NEW YORK—A new kind of crowdfunding will give the average American a chance to invest in small companies and startups. But before you think about jumping in, there are some important things to keep in mind.
Under the new rules from the U.S. Securities and Exchange Commission, small businesses can raise up to $1 million a year by selling stakes in the company. The money raised may be used to grow the business. Early investors can earn money if the business succeeds. But the North American Securities Administrators Association urges caution to those thinking about giving their money to a startup.
Here are some tips:
WAIT: The rules won’t go into effect until sometime next year, and the exact date is not known yet. So sit tight and be wary of companies seeking cash right away.
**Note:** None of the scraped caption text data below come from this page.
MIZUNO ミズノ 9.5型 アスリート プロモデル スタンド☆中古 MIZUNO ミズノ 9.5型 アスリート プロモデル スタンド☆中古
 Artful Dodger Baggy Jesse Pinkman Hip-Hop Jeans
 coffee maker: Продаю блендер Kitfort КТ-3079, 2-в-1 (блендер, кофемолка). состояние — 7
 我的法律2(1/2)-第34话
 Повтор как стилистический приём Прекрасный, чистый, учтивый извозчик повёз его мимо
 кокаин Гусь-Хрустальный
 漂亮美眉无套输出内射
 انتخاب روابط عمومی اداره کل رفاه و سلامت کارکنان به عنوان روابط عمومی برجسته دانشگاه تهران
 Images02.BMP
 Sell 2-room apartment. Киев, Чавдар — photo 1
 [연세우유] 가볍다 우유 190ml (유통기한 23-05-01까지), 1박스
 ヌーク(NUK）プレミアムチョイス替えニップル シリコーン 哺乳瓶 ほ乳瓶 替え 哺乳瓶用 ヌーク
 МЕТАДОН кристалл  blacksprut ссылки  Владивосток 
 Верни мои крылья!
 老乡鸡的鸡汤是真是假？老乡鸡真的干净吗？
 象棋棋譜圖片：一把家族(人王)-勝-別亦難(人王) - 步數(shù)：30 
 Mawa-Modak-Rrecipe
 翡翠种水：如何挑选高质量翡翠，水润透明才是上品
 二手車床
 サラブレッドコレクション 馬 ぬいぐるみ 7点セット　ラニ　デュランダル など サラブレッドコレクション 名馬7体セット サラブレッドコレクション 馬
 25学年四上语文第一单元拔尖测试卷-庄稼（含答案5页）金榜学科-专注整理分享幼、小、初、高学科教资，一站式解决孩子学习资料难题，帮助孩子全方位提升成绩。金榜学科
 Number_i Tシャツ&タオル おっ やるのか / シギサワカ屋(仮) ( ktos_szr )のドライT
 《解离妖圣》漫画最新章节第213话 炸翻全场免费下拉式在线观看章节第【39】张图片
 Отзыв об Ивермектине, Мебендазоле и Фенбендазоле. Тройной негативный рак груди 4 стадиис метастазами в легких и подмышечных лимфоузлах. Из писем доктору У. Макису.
KNOW THE RISK: Buying stock in any company, large or small, carries risk. But small businesses and startups can be even risker, the NASAA said. Some 50 percent of small businesses fail within their first five years.
RESEARCH: The SEC is requiring the small companies that are crowdfunding to provide financial statements. Make sure to check how much revenue it earns and if it’s profitable. Information will also be available about its founders and board. Check who they are and their track record with past businesses.
INVESTMENTS MAY BE LONG-TERM: Know that you may be stuck with an investment for a long time. The NASAA said it may be hard or impossible to sell stakes that you may buy.
KNOW THE RULES: The SEC put caps on how much money people can invest. Those with annual income or net worth below $100,000 can invest up to 5 percent of their yearly income or net worth, or $2,000 if that is greater. Those who earn more money can invest up to 10 percent. But no one can invest more than $100,000 in crowdfunding offerings during a 12-month period.